:: Goal of the exercise ::
When the word "Size" appears in a line of the data below, list that line.
════
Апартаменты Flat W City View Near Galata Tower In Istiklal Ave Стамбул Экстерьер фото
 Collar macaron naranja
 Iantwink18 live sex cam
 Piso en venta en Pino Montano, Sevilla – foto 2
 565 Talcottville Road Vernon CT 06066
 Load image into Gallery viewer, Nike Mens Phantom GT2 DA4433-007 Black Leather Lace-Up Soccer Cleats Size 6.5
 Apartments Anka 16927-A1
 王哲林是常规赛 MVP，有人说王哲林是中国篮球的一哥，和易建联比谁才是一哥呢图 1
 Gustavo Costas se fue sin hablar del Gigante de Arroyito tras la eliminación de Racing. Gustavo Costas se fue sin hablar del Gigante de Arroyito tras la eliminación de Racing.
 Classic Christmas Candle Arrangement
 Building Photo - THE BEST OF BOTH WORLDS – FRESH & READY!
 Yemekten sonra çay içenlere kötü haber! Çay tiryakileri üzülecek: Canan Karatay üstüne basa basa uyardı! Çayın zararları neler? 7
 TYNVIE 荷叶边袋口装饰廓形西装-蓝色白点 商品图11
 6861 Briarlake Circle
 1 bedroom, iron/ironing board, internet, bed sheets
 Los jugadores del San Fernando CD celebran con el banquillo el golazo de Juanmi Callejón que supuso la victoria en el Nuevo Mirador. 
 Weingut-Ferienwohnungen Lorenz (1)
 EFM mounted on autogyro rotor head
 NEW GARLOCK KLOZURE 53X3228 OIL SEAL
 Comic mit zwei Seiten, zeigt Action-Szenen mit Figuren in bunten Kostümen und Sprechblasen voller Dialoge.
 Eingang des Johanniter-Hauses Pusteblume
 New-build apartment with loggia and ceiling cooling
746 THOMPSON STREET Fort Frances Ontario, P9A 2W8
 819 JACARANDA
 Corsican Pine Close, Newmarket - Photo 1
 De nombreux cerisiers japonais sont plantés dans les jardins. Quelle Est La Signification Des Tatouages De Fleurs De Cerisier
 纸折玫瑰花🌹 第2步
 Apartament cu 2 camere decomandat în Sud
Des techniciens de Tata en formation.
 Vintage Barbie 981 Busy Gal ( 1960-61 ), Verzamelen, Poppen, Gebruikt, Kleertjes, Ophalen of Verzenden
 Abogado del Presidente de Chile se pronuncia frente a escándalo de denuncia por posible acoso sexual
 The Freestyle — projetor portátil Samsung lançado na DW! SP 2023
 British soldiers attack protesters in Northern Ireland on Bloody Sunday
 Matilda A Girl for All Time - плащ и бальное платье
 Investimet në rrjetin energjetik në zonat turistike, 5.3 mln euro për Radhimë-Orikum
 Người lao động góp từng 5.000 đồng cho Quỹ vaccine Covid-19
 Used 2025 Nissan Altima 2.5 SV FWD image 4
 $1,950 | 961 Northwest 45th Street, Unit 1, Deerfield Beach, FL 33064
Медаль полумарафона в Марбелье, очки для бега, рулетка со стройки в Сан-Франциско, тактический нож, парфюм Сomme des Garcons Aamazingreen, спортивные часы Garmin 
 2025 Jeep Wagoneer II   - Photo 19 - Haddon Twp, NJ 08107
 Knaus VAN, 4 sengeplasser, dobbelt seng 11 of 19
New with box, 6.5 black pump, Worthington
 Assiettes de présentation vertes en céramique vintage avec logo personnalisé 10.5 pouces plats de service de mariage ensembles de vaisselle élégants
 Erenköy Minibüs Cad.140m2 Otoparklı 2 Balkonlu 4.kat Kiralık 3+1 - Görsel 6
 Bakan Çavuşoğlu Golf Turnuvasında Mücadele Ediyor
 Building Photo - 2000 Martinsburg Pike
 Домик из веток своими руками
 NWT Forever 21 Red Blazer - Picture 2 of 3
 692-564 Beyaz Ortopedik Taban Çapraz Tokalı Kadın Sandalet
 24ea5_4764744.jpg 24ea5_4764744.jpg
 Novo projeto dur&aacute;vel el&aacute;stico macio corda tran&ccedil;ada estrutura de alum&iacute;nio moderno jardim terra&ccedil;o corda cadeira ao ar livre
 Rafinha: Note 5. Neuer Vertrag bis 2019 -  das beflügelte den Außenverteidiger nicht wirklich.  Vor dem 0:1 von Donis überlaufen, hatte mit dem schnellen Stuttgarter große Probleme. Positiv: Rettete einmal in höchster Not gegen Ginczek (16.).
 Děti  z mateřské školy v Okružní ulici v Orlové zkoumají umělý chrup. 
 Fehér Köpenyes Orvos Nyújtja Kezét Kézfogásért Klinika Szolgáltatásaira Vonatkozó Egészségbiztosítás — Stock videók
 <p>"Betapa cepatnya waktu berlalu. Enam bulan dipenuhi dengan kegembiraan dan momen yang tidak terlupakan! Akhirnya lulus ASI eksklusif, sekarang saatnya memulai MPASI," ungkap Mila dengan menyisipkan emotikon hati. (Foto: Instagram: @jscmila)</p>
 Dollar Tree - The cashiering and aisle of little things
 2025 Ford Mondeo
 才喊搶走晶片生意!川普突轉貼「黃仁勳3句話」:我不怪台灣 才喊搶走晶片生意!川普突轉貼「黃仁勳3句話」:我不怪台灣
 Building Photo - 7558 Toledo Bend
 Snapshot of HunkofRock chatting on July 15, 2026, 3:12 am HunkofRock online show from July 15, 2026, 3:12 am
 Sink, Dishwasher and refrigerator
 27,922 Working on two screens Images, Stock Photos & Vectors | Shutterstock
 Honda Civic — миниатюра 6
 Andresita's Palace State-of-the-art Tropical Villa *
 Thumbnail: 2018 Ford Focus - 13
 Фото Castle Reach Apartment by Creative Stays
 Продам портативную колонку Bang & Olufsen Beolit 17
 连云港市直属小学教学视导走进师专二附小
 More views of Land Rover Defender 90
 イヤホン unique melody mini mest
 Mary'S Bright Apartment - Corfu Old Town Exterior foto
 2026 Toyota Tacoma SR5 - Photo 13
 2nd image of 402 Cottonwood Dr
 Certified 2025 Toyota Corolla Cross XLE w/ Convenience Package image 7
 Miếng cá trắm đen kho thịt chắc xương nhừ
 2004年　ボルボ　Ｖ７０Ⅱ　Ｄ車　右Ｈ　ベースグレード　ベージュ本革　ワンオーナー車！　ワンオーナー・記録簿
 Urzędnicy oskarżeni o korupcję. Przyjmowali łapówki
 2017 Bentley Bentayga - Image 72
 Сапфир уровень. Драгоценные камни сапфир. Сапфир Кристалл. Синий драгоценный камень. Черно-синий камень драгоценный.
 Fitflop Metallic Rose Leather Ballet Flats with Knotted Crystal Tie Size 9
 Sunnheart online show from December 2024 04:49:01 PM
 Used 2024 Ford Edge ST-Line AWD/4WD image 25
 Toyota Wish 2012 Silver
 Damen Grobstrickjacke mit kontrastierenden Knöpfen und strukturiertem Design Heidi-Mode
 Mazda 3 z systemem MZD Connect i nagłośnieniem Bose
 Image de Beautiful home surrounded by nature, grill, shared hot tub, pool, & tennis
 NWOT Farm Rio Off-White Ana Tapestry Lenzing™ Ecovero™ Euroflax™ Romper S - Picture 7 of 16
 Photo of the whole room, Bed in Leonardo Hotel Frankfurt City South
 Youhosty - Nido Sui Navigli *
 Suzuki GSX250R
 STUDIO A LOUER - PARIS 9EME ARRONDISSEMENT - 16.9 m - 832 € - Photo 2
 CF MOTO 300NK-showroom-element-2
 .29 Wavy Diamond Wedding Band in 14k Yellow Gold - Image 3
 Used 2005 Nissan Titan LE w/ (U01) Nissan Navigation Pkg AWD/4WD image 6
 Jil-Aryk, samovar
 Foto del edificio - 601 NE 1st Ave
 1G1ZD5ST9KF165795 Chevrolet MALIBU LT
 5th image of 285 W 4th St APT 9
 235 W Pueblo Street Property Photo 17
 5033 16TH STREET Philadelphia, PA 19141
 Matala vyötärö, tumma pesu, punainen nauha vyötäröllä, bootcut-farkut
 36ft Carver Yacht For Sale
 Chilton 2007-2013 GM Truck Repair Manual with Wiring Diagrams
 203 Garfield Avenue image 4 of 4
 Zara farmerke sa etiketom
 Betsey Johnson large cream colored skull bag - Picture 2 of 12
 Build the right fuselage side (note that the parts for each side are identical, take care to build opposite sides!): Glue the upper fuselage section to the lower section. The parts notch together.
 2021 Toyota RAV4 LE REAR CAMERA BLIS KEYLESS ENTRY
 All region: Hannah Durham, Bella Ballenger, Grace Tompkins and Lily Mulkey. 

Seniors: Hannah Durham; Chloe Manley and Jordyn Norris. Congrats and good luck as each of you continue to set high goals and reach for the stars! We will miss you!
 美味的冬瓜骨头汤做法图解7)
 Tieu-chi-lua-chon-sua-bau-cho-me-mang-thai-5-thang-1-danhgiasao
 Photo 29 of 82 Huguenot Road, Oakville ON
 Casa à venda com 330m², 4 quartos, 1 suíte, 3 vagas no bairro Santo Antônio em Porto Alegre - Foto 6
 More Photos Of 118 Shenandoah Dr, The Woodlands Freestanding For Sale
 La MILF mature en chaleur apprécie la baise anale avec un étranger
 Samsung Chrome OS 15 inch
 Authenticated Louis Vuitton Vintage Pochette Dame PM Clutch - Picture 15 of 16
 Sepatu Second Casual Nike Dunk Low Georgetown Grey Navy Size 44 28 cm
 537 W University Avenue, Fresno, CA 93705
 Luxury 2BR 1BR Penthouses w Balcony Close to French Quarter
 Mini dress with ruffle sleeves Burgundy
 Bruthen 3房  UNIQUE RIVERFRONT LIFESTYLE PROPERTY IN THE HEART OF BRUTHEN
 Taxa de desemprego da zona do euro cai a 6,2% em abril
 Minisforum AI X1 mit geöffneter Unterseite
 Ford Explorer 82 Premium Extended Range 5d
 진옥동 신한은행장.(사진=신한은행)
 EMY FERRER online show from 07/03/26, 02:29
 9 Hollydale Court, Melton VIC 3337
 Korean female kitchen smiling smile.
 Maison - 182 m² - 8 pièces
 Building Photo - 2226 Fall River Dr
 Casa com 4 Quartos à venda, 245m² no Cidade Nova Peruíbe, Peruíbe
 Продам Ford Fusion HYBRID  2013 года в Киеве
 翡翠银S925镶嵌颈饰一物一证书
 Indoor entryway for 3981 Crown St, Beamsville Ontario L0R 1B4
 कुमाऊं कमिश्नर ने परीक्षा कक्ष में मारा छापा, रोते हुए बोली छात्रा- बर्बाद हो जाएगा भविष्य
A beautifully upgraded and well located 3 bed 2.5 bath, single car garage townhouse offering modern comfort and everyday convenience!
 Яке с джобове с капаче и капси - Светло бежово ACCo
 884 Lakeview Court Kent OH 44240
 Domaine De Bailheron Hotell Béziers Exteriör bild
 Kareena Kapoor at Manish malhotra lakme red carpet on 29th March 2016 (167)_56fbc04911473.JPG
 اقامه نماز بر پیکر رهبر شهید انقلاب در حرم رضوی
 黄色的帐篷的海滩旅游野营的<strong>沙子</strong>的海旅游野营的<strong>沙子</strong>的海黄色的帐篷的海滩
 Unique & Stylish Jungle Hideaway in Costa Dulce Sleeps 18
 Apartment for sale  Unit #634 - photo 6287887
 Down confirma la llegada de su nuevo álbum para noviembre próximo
════
:: Exercise solution ::
 Load image into Gallery viewer, Nike Mens Phantom GT2 DA4433-007 Black Leather Lace-Up Soccer Cleats Size 6.5
 Fitflop Metallic Rose Leather Ballet Flats with Knotted Crystal Tie Size 9
 Sepatu Second Casual Nike Dunk Low Georgetown Grey Navy Size 44 28 cm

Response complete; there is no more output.